Laminating Representation Autoencoders for Efficient Diffusion
Ramón Calvo-González, François Fleuret
TL;DR
The paper tackles the computational burden of diffusion in high-dimensional SSL feature spaces by compressing DINOv2 patch embeddings into a one-dimensional latent sequence of $32$ tokens using a $\beta$-VAE, achieving an $8\times$ reduction in sequence length and a $48\times$ reduction in total latent dimensionality. A flow-matching diffusion model is trained in this FlatDINO latent space, with a frozen ViT-XL decoder mapping generated latents back to patch embeddings and then to RGB images; this yields a gFID of $\approx 1.85$ with classifier-free guidance on ImageNet-256x256, while reducing forward FLOPs by up to $8\times$ and training FLOPs by up to $4.5\times$ relative to diffusion on full DINOv2 features. The results are preliminary, showing competitive quality and substantial efficiency gains but indicating a need for longer training and diffusion recipe improvements tailored to compressed semantically-informed latents. Overall, FlatDINO offers a promising path toward scalable diffusion over semantic SSL representations, enabling faster generation within resource-constrained settings.
Abstract
Recent work has shown that diffusion models can generate high-quality images by operating directly on SSL patch features rather than pixel-space latents. However, the dense patch grids from encoders like DINOv2 contain significant redundancy, making diffusion needlessly expensive.

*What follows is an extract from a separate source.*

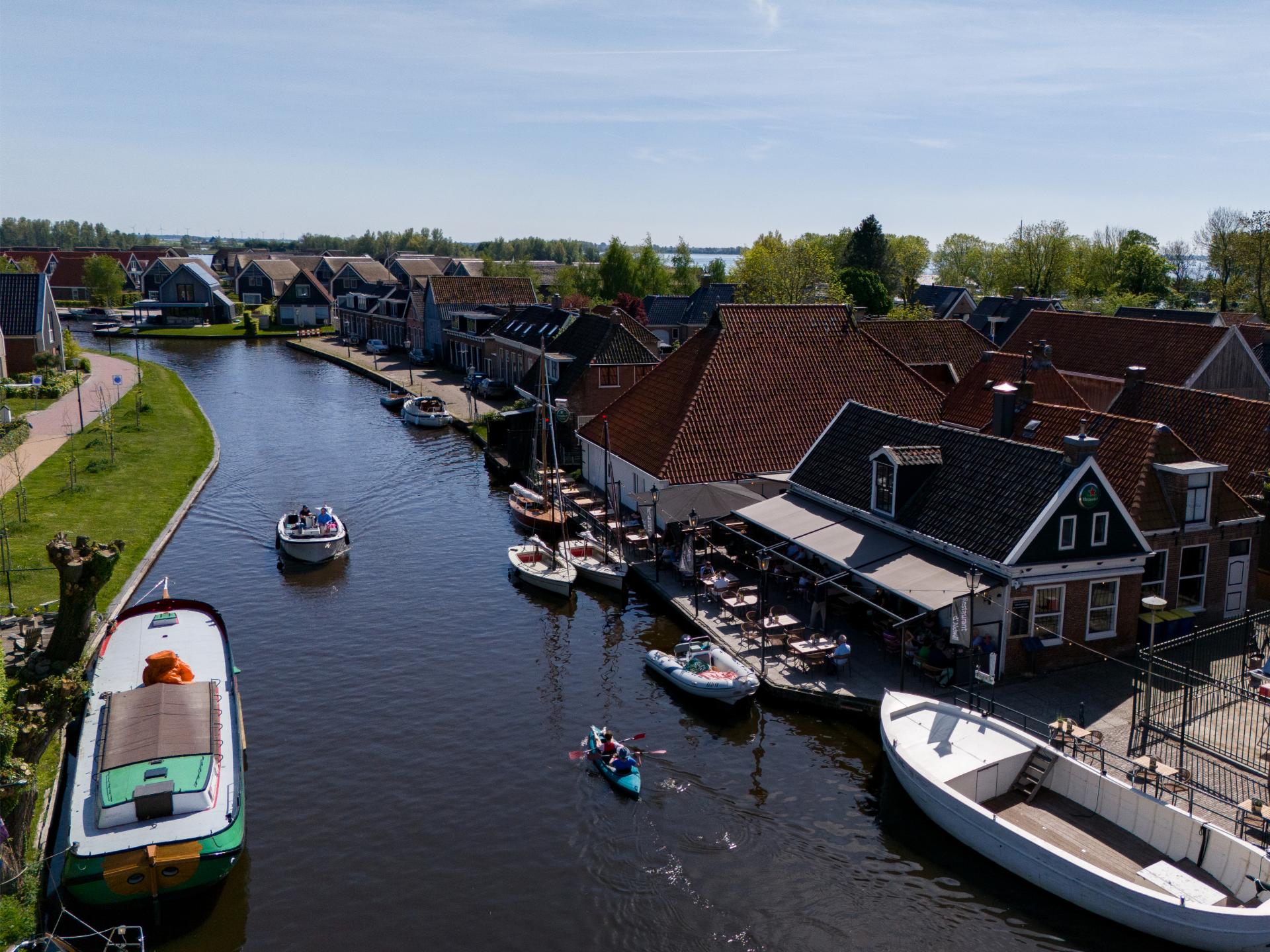 Luxe houseboat in sfeervolle jachthaven van Heeg, Friesland - foto 36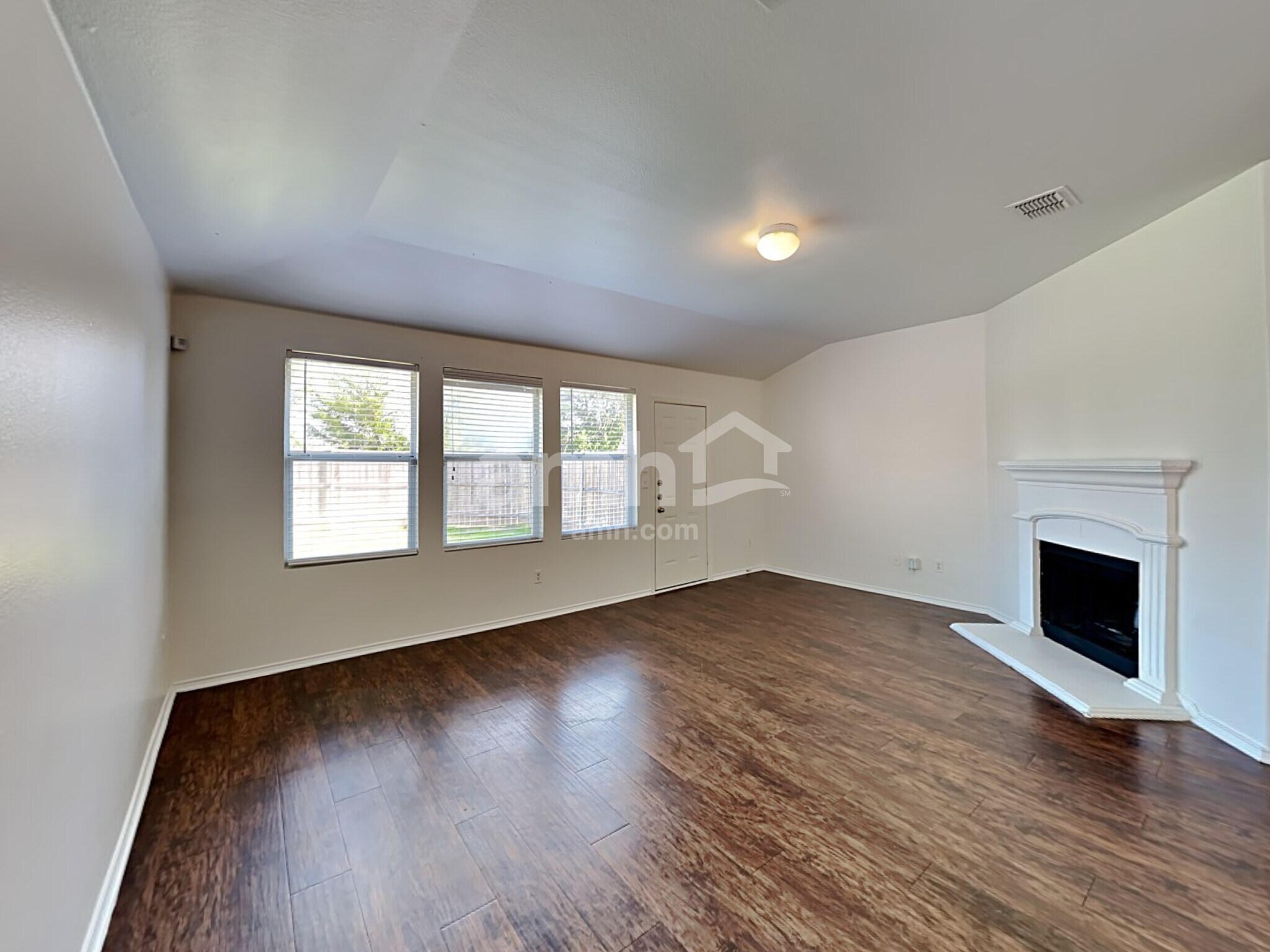 Building Photo - 742 Mission Ln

We introduce FlatDINO, a variational autoencoder that compresses this representation into a one-dimensional sequence of just 32 continuous tokens -an 8x reduction in sequence length and 48x compression in total dimensionality. On ImageNet 256x256, a DiT-XL trained on FlatDINO latents achieves a gFID of 1.80 with classifier-free guidance while requiring 8x fewer FLOPs per forward pass and up to 4.5x fewer FLOPs per training step compared to diffusion on uncompressed DINOv2 features. These are preliminary results and this work is in progress.